▶ Problem requirements
Write out nothing except the lines of the entries below, from the first through the one containing "50s Rocking Robin Cardigan In Ivory", exactly and without pictures.

▶ Data for processing
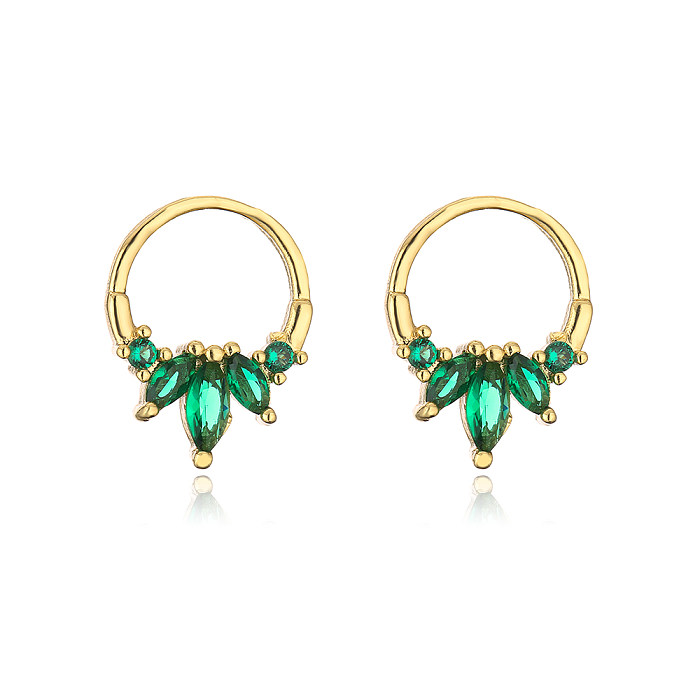 Fashion Geometric Copper Ear Studs Plating Zircon Copper Earrings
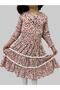 Girl's /long Sleeve Dress/ Floral Patterned /viscose Dress - 2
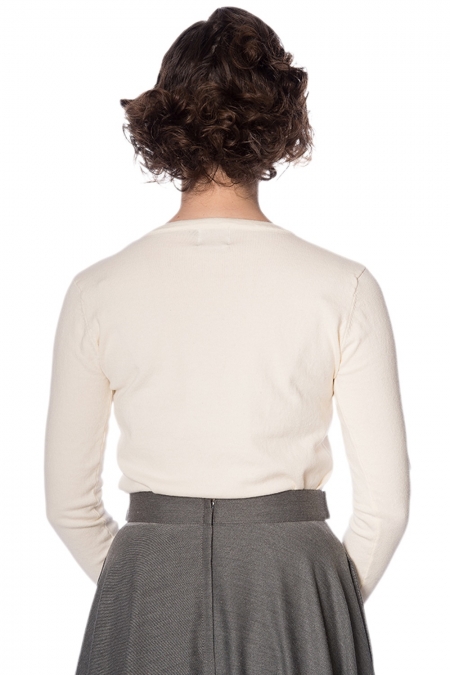50s Rocking Robin Cardigan In Ivory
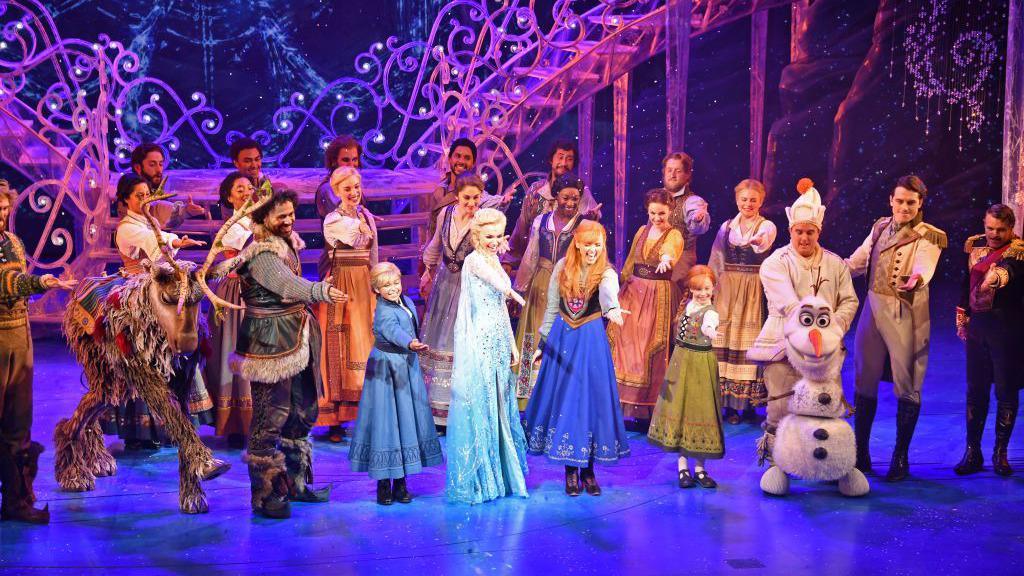 The cast of Frozen during the curtain call during the press night performance of "Frozen: The Musical" at the Theatre Royal Drury Lane on September 8, 2021 in London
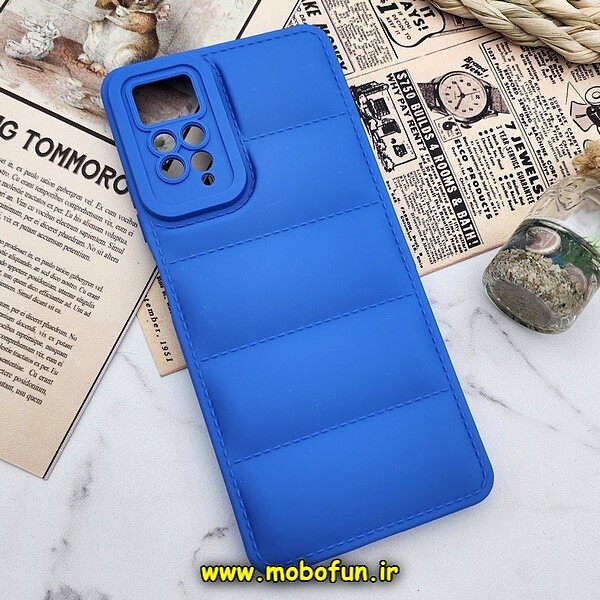 قاب گوشی Redmi Note 11 Pro 4G Global - Redmi Note 11 Pro 5G Global - Redmi Note 11E Pro 5G شیائومی سیلیکون ژله ای پافر PC زیر بسته محافظ لنز دار آبی کاربنی کد 486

▶ Solution to the exercise
 Fashion Geometric Copper Ear Studs Plating Zircon Copper Earrings
 Girl's /long Sleeve Dress/ Floral Patterned /viscose Dress - 2
50s Rocking Robin Cardigan In Ivory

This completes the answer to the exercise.